As they snipped off purple grapes nestled among vivid green vines, Kathryn and Nick Szilagyc talked quietly, joking about the chances for a career change.
"When you think about a second career you can rule out what you want to do," Kathryn Szilagyc said, peering out from the straw hat that covered her head.
The Kansas City, Mo., couple had arisen early on a recent Sunday morning and taken a short drive to Holy-Field Vineyard and Winery. Joining them that day were about 50 people of all ages who had heeded the call to pick grapes in return for a spaghetti dinner and samples of wine.
As a project manager for a computer firm, Kathryn Szilagyc doesn't often make it to the country let alone go on a grape-picking expedition.
"I don't know that we're ready for a career change," Szilagyc said, smiling. "It makes you appreciate what goes into a bottle of wine."
Her husband, a physician, was having a great time in the vineyard, as he filled a bucket with bunch after bunch of grapes.
"It's fun," he said. "It gets you out on a Sunday morning. It gets you doing something."
The couple had joined two friends at Holy-Field, which is just west of Basehor. The four Kansas City area residents said it was the wine that drew them to help with this year's harvest.

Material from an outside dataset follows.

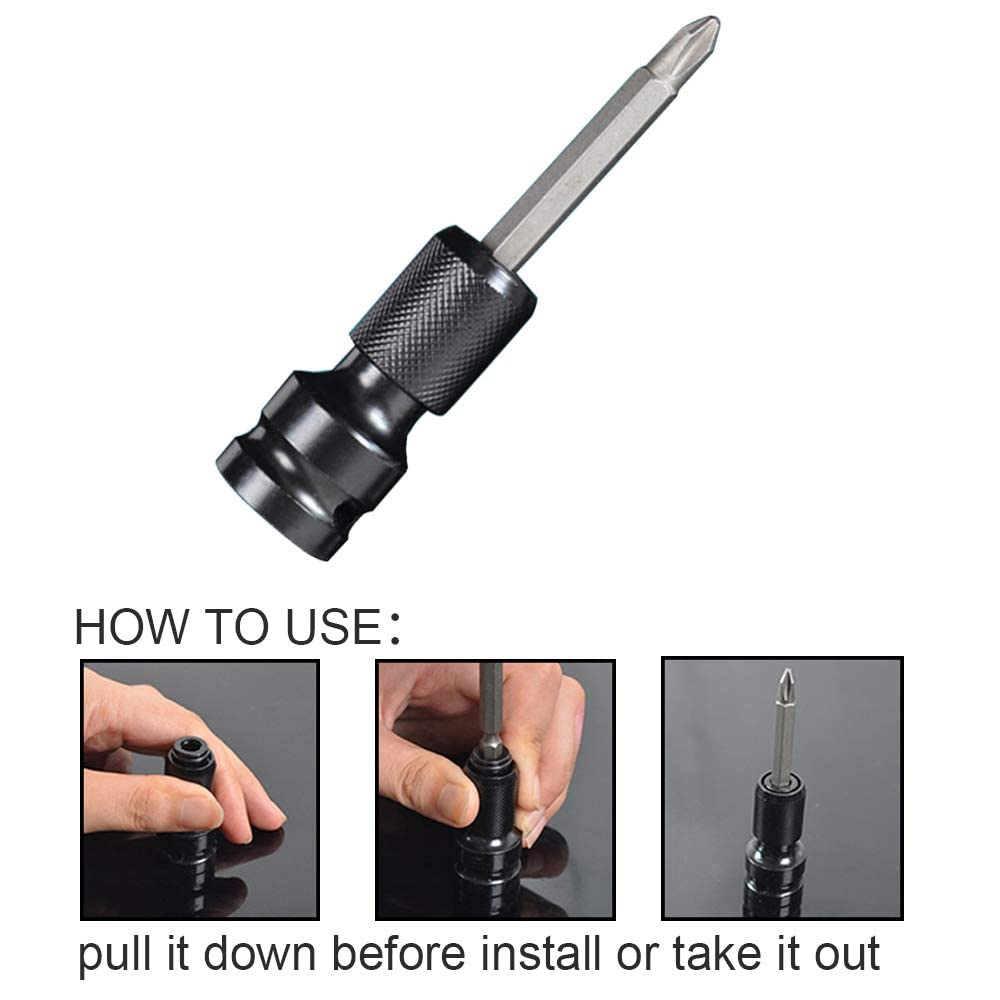 STARQ 1/2 Inch Square Drive To 1/4 Inch Hex Female Socket Adapter Quick Release Chuck Converter Drill Chucks Adaptor Conversion For Impact And Ratchet Wrench SD With Ring & Rod included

"What's the real reason for us to be here?" Jenny Forbes said, laughing. "Let's be honest. We have a designated driver."
"Kathryn is the designated driver," said her friend, Tom Ryan. "We're designated tasters."
This year, the grape harvest came early, spurred on by intense heat, said co-owner Michelle Meyer Havey.
"You don't need record-breaking temperatures because the vines shut down," she said.
She and her father, Les Meyer, agreed harvest is running three to four weeks ahead of normal.
After volunteer pickers complete their work, their bounty is fed into a grape crusher. The transformation from grape to drinkable wine takes two years, Les Meyer said. The 12-year-old Holy-Field vineyard bottles 14 varieties of wine.
While most of the pickers at Holy-Field kept to one row, picking grapes as they went, there was an exception. Emma Holyfield, 7, wearing a lilac shirt now stained with juice from fresh-picked grapes, simply ducked beneath the gnarled leaf-covered vines and skipped from row to row looking for the plumpest bunches of purple grapes. After several clips, her tiny hands brimmed with more grapes than she could hold, so off she'd scamper to add her grapes to those her parents, Martin and Paula Holyfield, had picked.
For Martin Holyfield, who with his family lives in Piper, this was not far from his beginnings.
"My grandfather's farm used to be along this road," Holyfield said. "Eventually, everybody got to calling this Holyfield Road."
His grandfather, Jerry Holyfield, died in the early 1970s, but the name lives on not only in the name of the road, but now also in the name of the vineyard.
Like the rest of the pickers, the Holyfields do it for fun.
"This is our second year," Paula Holyfield said. "We didn't know they did this until last year, and this time we've brought a group of six people with us."